The other day, when I had already begun my 21 days No-Wheat
Challenge some guests happened to have a cake where I work and as I always did before,
i was ready to go get my piece when I remembered “wait! Isn’t that wheat!! But
before I could come to my senses one of my colleagues vomited a comment “really
Ida with your size do you really want to add on some cake to that”. As much as she was being honest it opened my
inner ear to the truth about what she really thought about me but never really
said to my face.
Anyway, I dint go for the cake, I have stayed off wheat for
5 days now & counting and I am not about to break that cycle for a piece of
cake. You see people will always have an opinion of you but it is for you to
decide who has the last word. Nobody told me I was getting heavier, I felt it,
nobody told me I was not breathing normal after mopping my house it was
obvious, no one had to tell me that my clothes had become to snug and most
pants could not even find their way to my hips; I experienced it! So I made the
decision to change my diet; I made the decision to drink more water, eat more
fruit and greens I made the decision to change my eating habits and take my hot
drinks without sugar.
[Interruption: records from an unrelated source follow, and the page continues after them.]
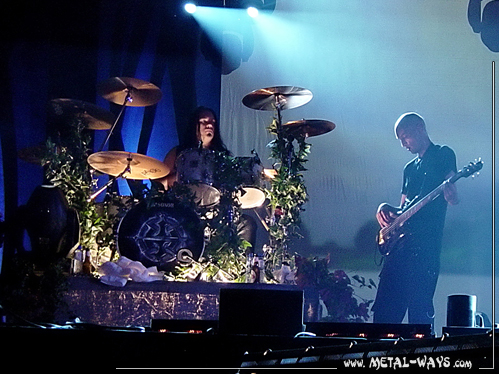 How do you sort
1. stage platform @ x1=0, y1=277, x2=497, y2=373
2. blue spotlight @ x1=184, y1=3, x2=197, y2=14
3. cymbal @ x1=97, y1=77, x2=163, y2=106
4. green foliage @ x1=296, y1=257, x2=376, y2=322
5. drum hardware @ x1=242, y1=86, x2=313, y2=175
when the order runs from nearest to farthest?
stage platform @ x1=0, y1=277, x2=497, y2=373, green foliage @ x1=296, y1=257, x2=376, y2=322, drum hardware @ x1=242, y1=86, x2=313, y2=175, cymbal @ x1=97, y1=77, x2=163, y2=106, blue spotlight @ x1=184, y1=3, x2=197, y2=14

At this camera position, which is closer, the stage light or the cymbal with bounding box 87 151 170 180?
the cymbal with bounding box 87 151 170 180

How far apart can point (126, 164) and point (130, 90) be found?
92 cm

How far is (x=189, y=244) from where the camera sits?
12.1 ft

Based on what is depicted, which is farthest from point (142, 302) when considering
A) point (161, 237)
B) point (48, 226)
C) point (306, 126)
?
point (306, 126)

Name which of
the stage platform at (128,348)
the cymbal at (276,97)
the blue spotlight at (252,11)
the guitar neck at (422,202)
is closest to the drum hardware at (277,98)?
the cymbal at (276,97)

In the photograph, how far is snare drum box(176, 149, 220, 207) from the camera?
407cm

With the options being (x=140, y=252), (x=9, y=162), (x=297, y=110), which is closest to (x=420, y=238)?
(x=297, y=110)

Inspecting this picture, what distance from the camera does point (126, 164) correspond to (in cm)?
485

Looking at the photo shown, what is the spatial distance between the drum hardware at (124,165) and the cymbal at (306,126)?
1.05m

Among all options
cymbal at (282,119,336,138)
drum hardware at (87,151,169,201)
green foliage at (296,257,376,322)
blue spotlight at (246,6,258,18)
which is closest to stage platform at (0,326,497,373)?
green foliage at (296,257,376,322)

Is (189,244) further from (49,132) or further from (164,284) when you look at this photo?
(49,132)

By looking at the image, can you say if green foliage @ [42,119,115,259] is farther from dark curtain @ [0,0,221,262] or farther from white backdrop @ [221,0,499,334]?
white backdrop @ [221,0,499,334]

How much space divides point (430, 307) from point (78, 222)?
3824 mm

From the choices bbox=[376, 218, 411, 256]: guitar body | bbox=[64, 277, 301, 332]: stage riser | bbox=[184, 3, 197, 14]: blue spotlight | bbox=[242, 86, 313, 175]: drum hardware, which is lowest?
bbox=[64, 277, 301, 332]: stage riser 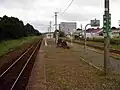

Not to look like a magazine cover girl or to fit into
size 4 clothes No! I did this for me.
In five years time I would like to be able to play soccer
with my son; maybe go for swimming; take walks. In 10 years I would rather
spend my money on going on a getaway than spending it in a hospital because of
my greed and bad eating habits today. My Body is the temple of the Holy spirit
“for the bible tells me so” but I was so obsessed with focusing more on keeping
it clean by staying off sex before marriage that I dint realize I was hurting
it by binge eating.
A journey of a thousand miles begins with one step; you do
not have to be great to start but, you have to start to be great. My journey
has just begun it is not going to be easy especially as I am doing it alone and
I live and work in a hotel setting where the aroma of french-fries and the
sight of them calls out my name so loud I can barely hear myself think but where there is a will there is a way. I
am not denying myself the pleasure of life I am simply saving myself so that I
may enjoy life pleasurably.
I hope this will encourage you to open a new page, start a
new chapter wake up to a new beginning, you may have not honored your word from
the first of the month, you may have not resolved as promised to the year 2015
but take heart as long as God has given you breath this day, as long as He has
enabled you to sleep and wake up it means He is not done with you yet; so who
are you to be done with You!!! If the Manufacturer still has hope in His
product, refer to His warranty and believe that there is hope still!!!!!!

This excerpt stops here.